TASK PROMPT:
Using only the entries below, output the lines starting at the one containing "Genesis G70 2018 — photo 20" and ending at the one containing "Dia mengira itu", exactly and inclusive of both, omitting the pictures.

EXTRACTED INFORMATION:
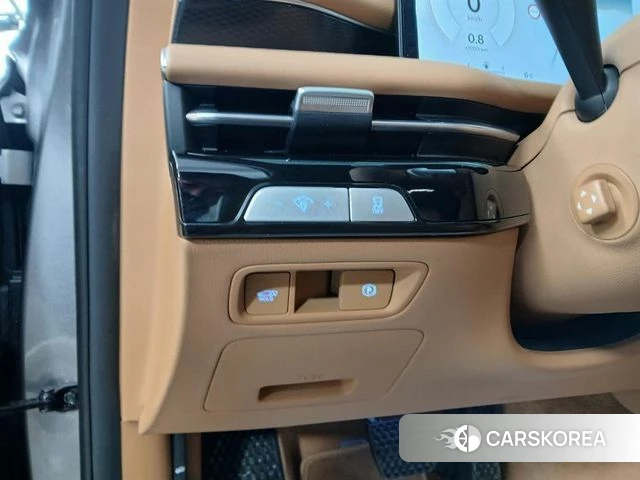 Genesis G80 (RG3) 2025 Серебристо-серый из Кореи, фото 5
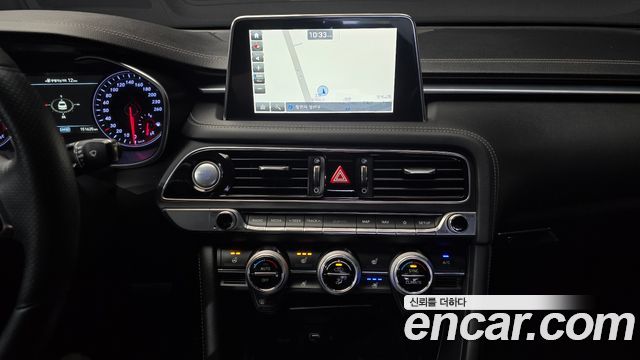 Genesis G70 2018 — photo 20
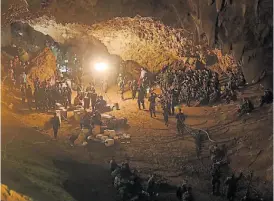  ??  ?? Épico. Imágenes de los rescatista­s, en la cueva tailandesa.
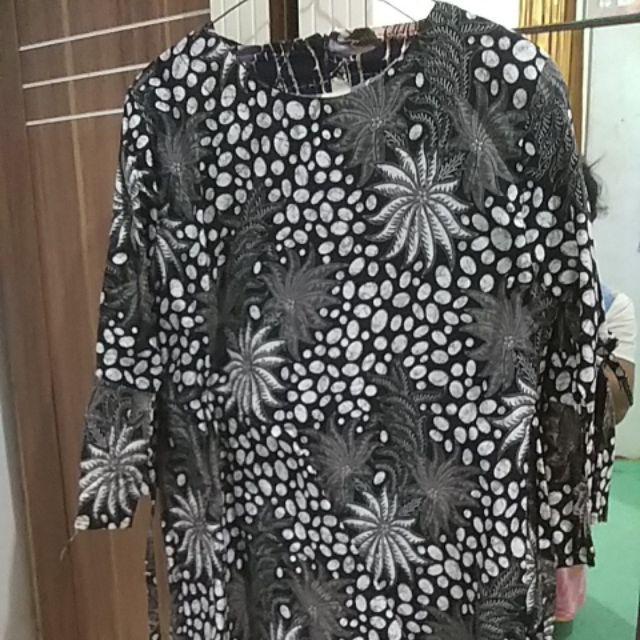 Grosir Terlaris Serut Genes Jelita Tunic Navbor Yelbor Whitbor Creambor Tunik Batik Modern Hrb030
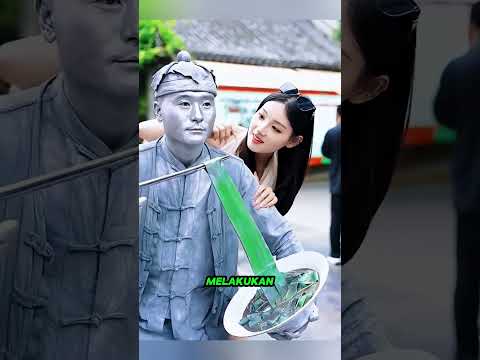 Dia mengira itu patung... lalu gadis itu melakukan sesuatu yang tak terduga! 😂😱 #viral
--
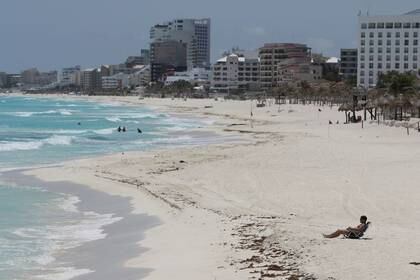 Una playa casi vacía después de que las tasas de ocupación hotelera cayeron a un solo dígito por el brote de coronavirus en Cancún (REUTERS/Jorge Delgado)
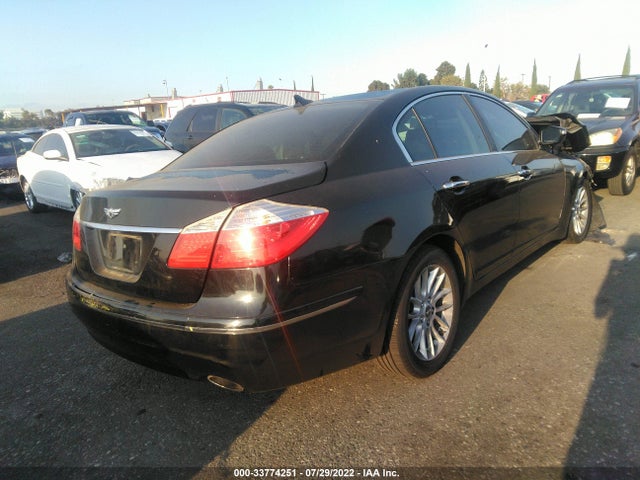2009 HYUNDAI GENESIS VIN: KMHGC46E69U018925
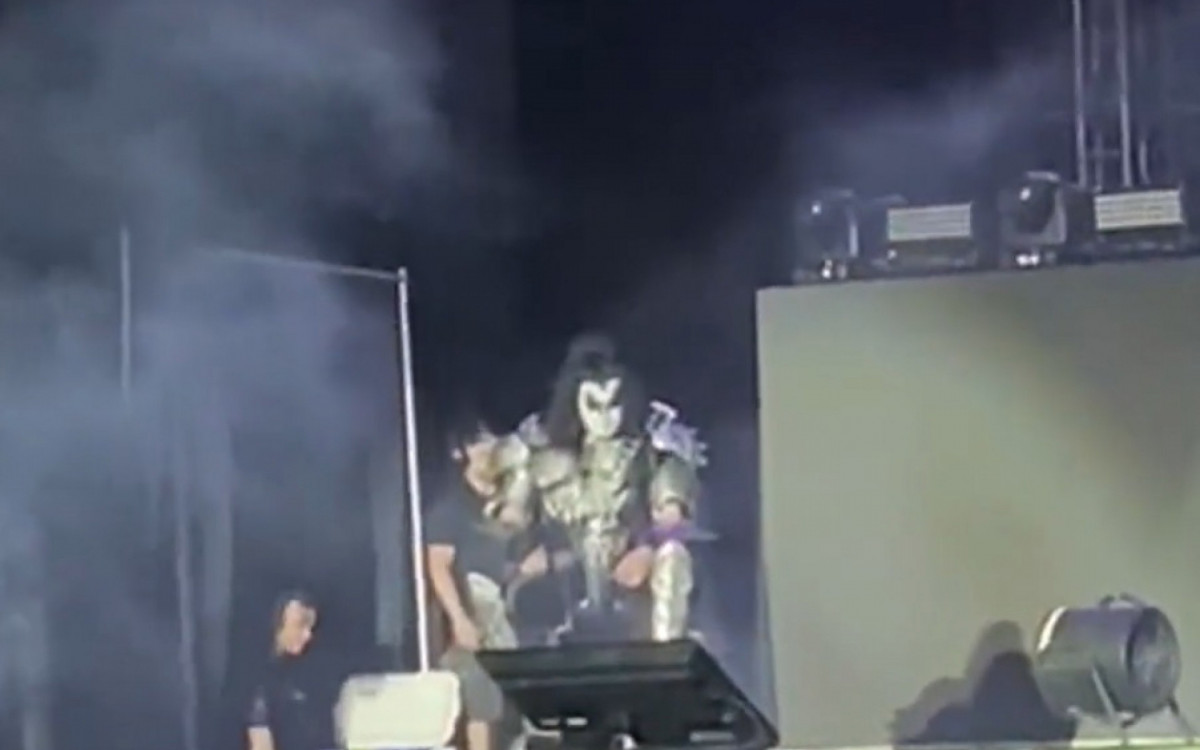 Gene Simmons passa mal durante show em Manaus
==
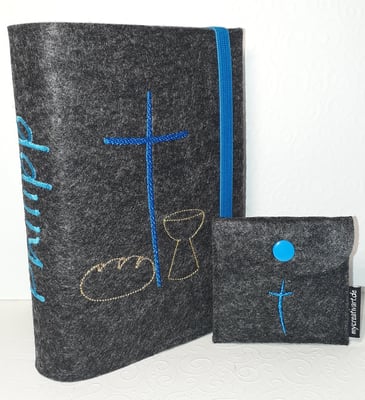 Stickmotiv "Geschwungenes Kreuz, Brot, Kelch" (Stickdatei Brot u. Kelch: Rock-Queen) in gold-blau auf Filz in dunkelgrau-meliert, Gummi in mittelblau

TASK RESPONSE:
 Genesis G70 2018 — photo 20
  ??  ?? Épico. Imágenes de los rescatista­s, en la cueva tailandesa.
 Grosir Terlaris Serut Genes Jelita Tunic Navbor Yelbor Whitbor Creambor Tunik Batik Modern Hrb030
 Dia mengira itu patung... lalu gadis itu melakukan sesuatu yang tak terduga! 😂😱 #viral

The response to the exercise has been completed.